_What the task asks_:
Each entry should be copied as it stands, leaving the pictures behind.

● ● ●

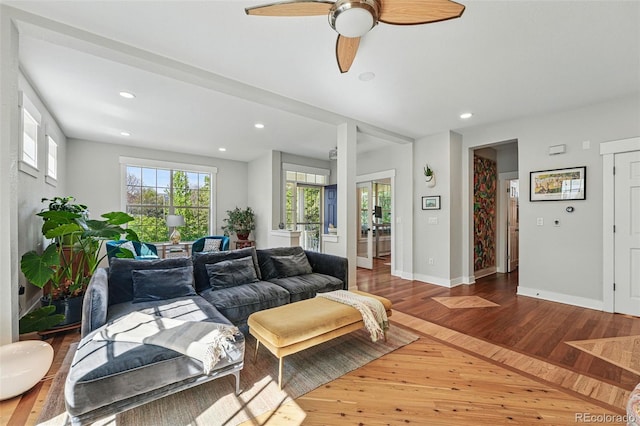 8256 E 28th Dr, Denver, CO 80238 - living room featuring wood finished floors, recessed lighting, baseboards, and ceiling fan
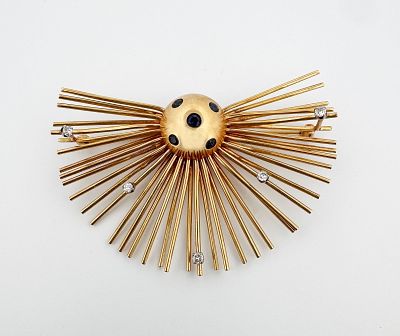 14k Diamond & Sapphire Sunburst Brooch. 14k yellow gold diamond and sapphire brooch 
22.9g 
68mm wide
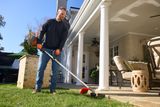A person using a string trimmer to edge a lawn near a patio area.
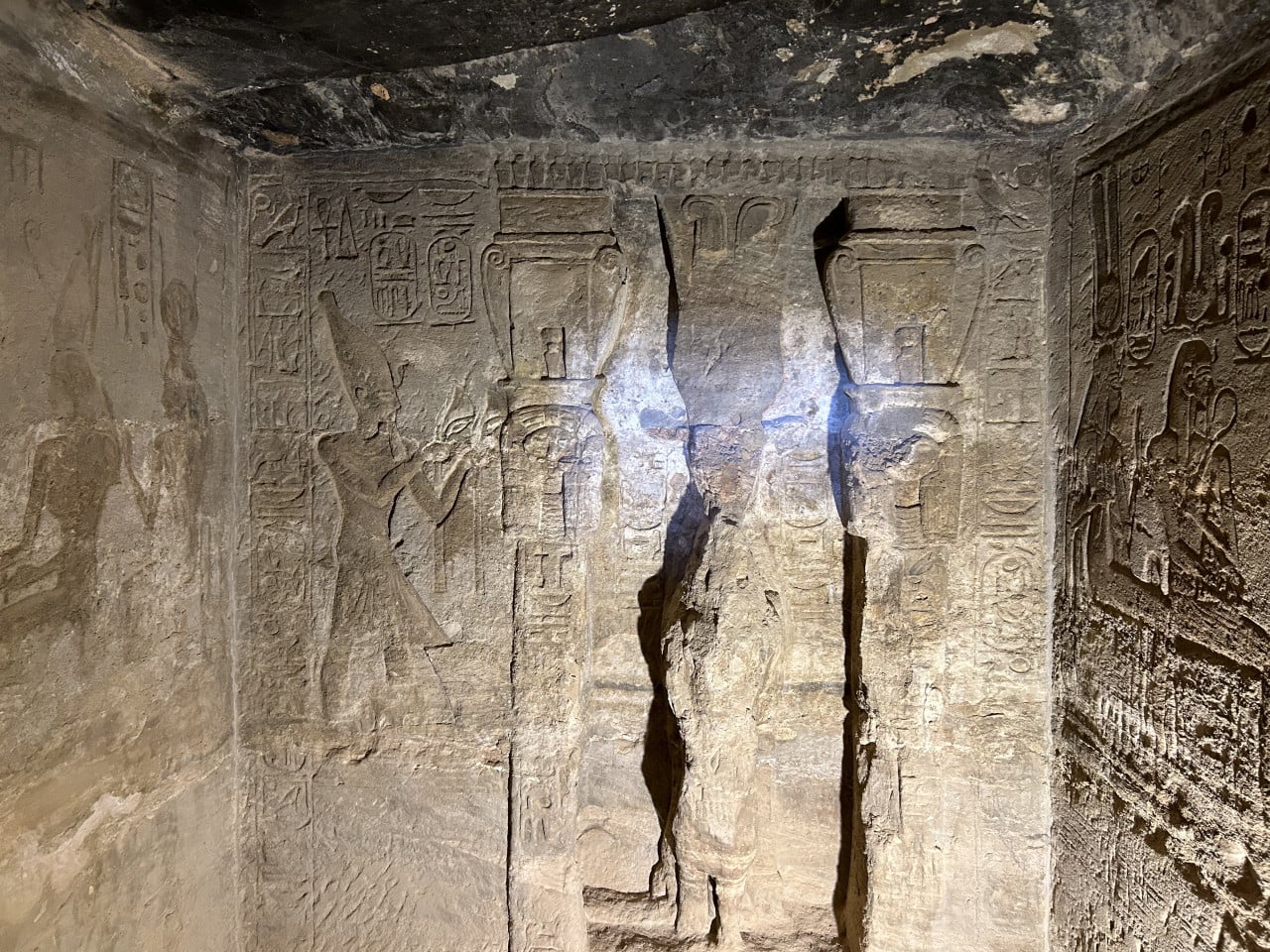 Vytesaná egyptská stěna s reliéfy a hieroglyfy v chrámu Abu Simbel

● ● ●

_Problem solution_:
 8256 E 28th Dr, Denver, CO 80238 - living room featuring wood finished floors, recessed lighting, baseboards, and ceiling fan
 14k Diamond & Sapphire Sunburst Brooch. 14k yellow gold diamond and sapphire brooch 
22.9g 
68mm wide
A person using a string trimmer to edge a lawn near a patio area.
 Vytesaná egyptská stěna s reliéfy a hieroglyfy v chrámu Abu Simbel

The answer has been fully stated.